In this regard, we follow the gist of the C++ standard: “8.5.12: If no initializer is specified for an object, the object is default-initialized. When storage for an object with automatic or dynamic storage duration is obtained, the object has an indeterminate value, and if no initialization is performed for the object, that object retains an indeterminate value until that value is replaced (5.18). […] If an indeterminate value is produced by an evaluation, the behavior is undefined except in the following cases: [… all cases only apply to unsigned char …]”
That said, I have some questions to the boost.geometry team:
- Can you tell if you actually use the values that happen to be found in a default-constructed object? Does your code rely on specific values as the result of default construction, e.g., zero?

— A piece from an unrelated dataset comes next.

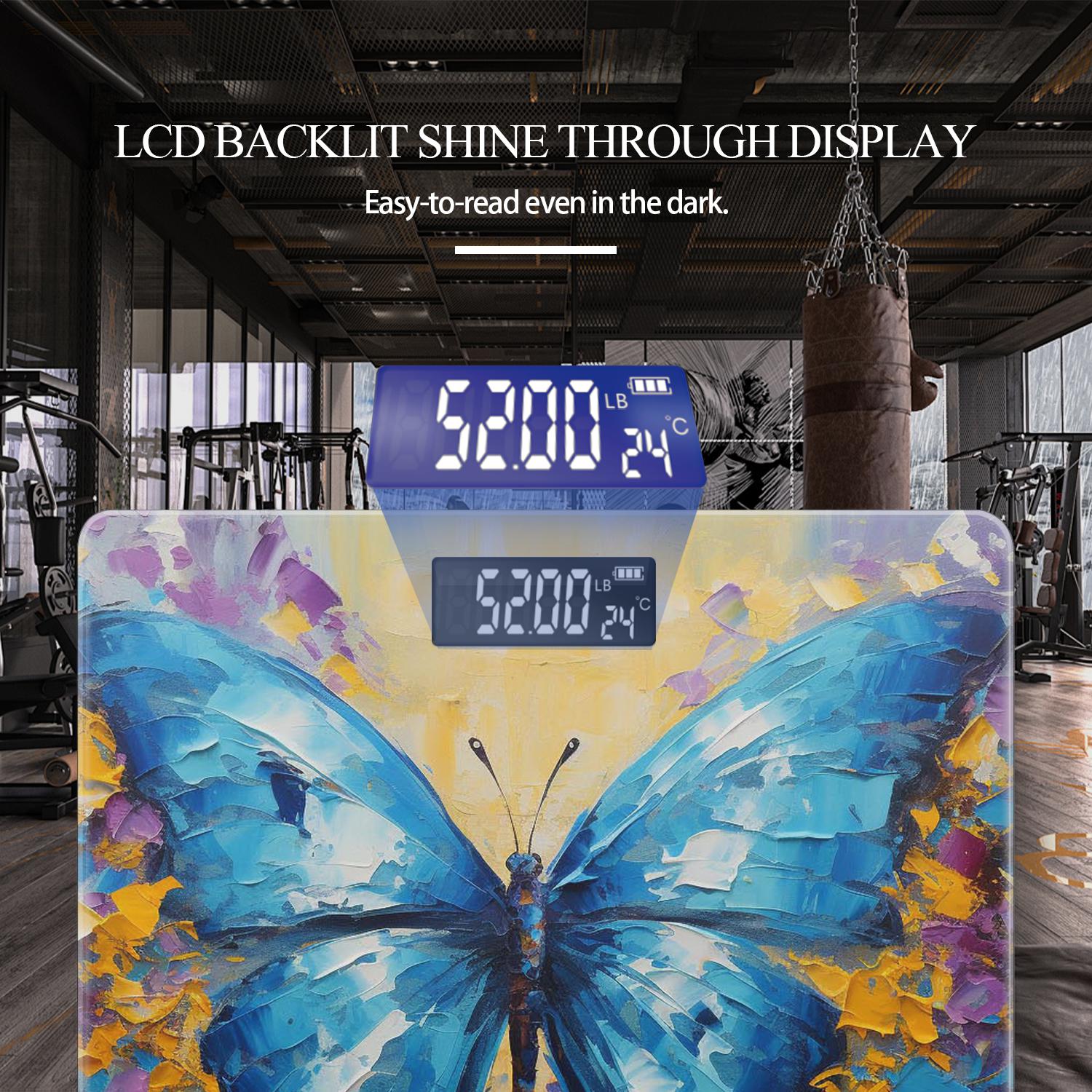 Highly Precision Body Scale Digital Weight Scale Battery Operated Bathroom Scale Decoration with Backlit Display(400 lbs)-Blue Butterfly Abstract Painting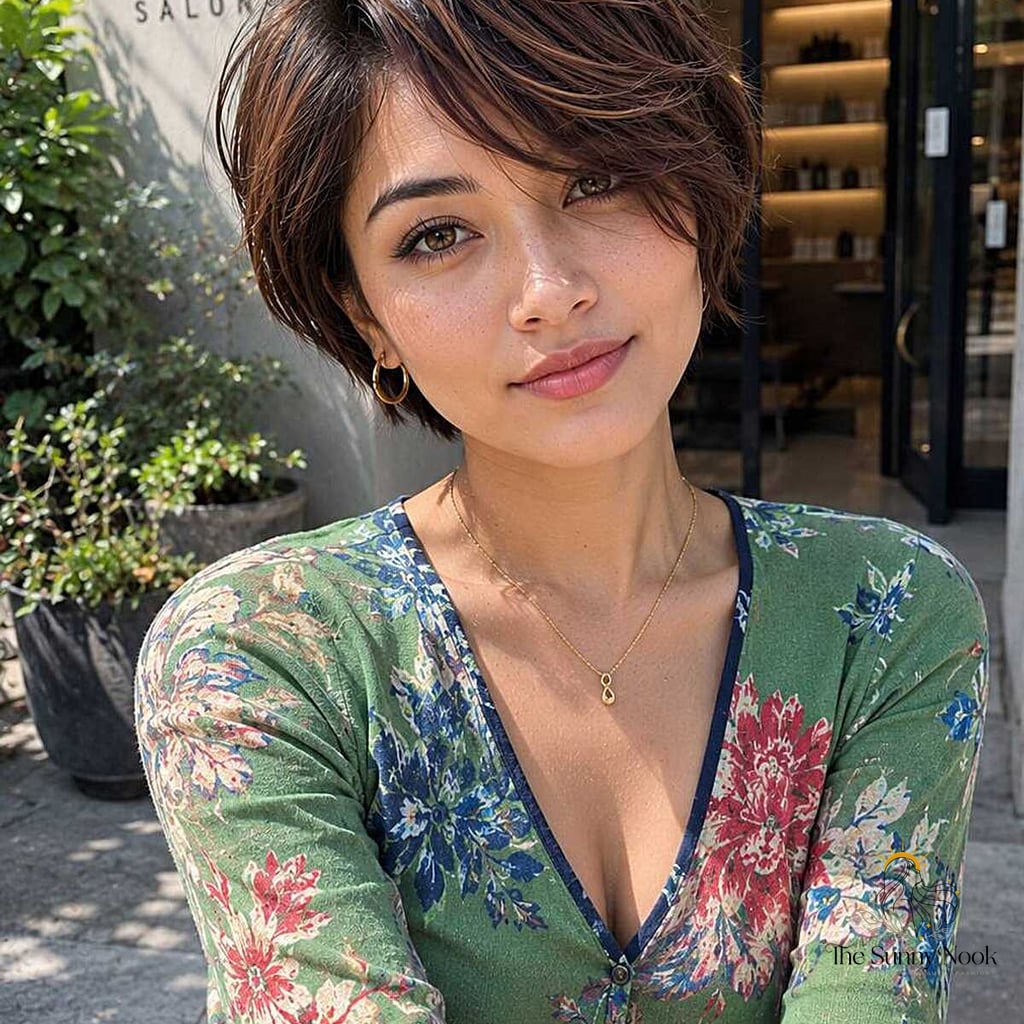 25 Stunning Fancy Hairstyles For Short Hair Worth Bookmarking Today 25 The Wispy Brunette Pixie with Feathered Bangs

- Do you think you could avoid access to default-constructed objects, e.g., by using boost::optional, or variant, or dynamically sized containers, or some other obvious tools?
Currently, we use some work-around and provide a special point_type class for boost.geometry for the sole purpose of default-initialization to keep your code from entering UB. Perspectively, we’d love to remove that workaround and simply use our own point_class which after default-construction contains uninitialized memory.
It would be very helpful to know where you are heading: Do you think that our approach is a good idea, or do you see some benefits to having default-constructed objects initialized with some arbitrary but specific value? If so, would you amend your documentation to explicitly state that default-constructed objects must be well-defined, and which specific value (zero?) you expect?
Any feedback is appreciated!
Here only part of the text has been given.